The year 1985 in radio involved some significant events.

==Events==
- January – "Solid Gold Country," the United Stations Programming Network’s country music spinoff of its oldies-focused "Solid Gold Scrapbook," switches from a three-hour-a-week show (from its debut in 1983) to a five-day-a-week program (with the option to air all five hours in as a weekly program). Under the new format, each hourly program covered a different topic, such as a profile on a singer, songwriter or producer; a look back at the popular songs from the current week in a past year, gold records from the current month and other topics under virtually every conceivable topic. Stan Martin (and a few weeks into the reformatted program) Joel Sebastian are the initial hosts under the new format, with Sebastian succeeded by Mike Fitzgerald in July 1985; Fitzgerald stepped down in early 1990, with Charlie Cook taking over for the rest of the run. Producer remains Ed Salamon, with country music journalist Tom Roland continuing as lead writer. The program will run through September 1993 and air roughly 2,300 one-hour shows.
- January 1 – CKLW Windsor, Ontario adopts the Music of Your Life format.
- February – A fire in downtown Clinton, Iowa destroys the studios for KROS (1340 AM) and KSAY (96.1 FM), knocking both stations off the air for several days. When the station returned to the air in a new studio, the first program was a two-hour show devoted to the fire and volunteers that helped get KROS/KSAY back on the air.
- March 28 – A Roger Waters concert is broadcast live from Radio City Music Hall.
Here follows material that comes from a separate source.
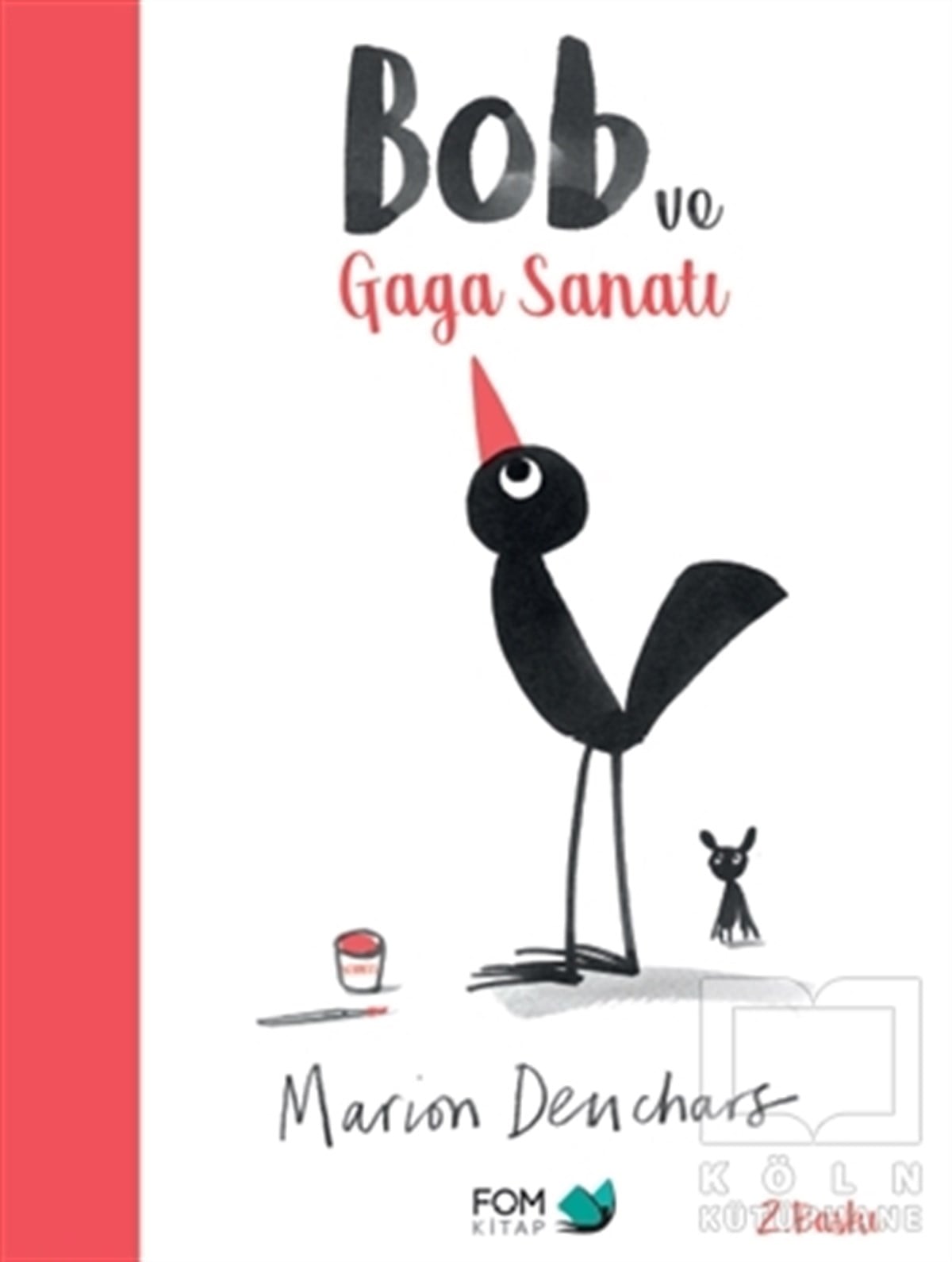Marion DeucharsOkul Öncesi Resimli KitaplarBob ve Gaga Sanatı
It is the first time that holophonics is used for a live radio broadcast.
- April 27 - Commercial private broadcasting begins in Finland as Radio Lakeus starts transmissions in Nivala.
- September 14/15 - Airdate of the famed "dead dog dedication" episode of American Top 40. During the recording, host Casey Kasem became upset after realizing that a "Long Distance Dedication" requesting a ballad ("Shannon" by Henry Gross) was in his opinion improperly programmed after an upbeat song ("Dare Me" by The Pointer Sisters) and went on a profanity-laced tirade. The aired program did not include Kasem's rant, although the outtake has been uploaded to various video sharing sites.
- The year brings other significant changes in Detroit radio, as WDRQ flips from urban contemporary to soft AC as WLTI, and WCLS flips from AC to rock-based Top 40 as WDTX.

==Debuts==
- WZLX (100.7 FM) in Boston debuts with the classic rock format.
- Bayerischer Rundfunk in Munich debuts with Bit, byte, gebissen, the first radio program on computer topics in Germany.
- In July, after stunting with Christmas carols, WKJJ-FM "Magic 100" Louisville, Kentucky flips from Adult Contemporary to CHR as WDJX.
- WJJF/1180-Hope Valley, Rhode Island signs on October 5.

==Births==
- December 17: Greg James, English DJ

==Deaths==
- January 3: Bryna Raeburn, American radio and voice actress
- February 26: Charita Bauer, American radio and television actress.
- October 10: Orson Welles, American actor and radio personality (The Mercury Theatre on the Air)
- October 15: Ted Steele, American bandleader, musician and host of radio and television programs.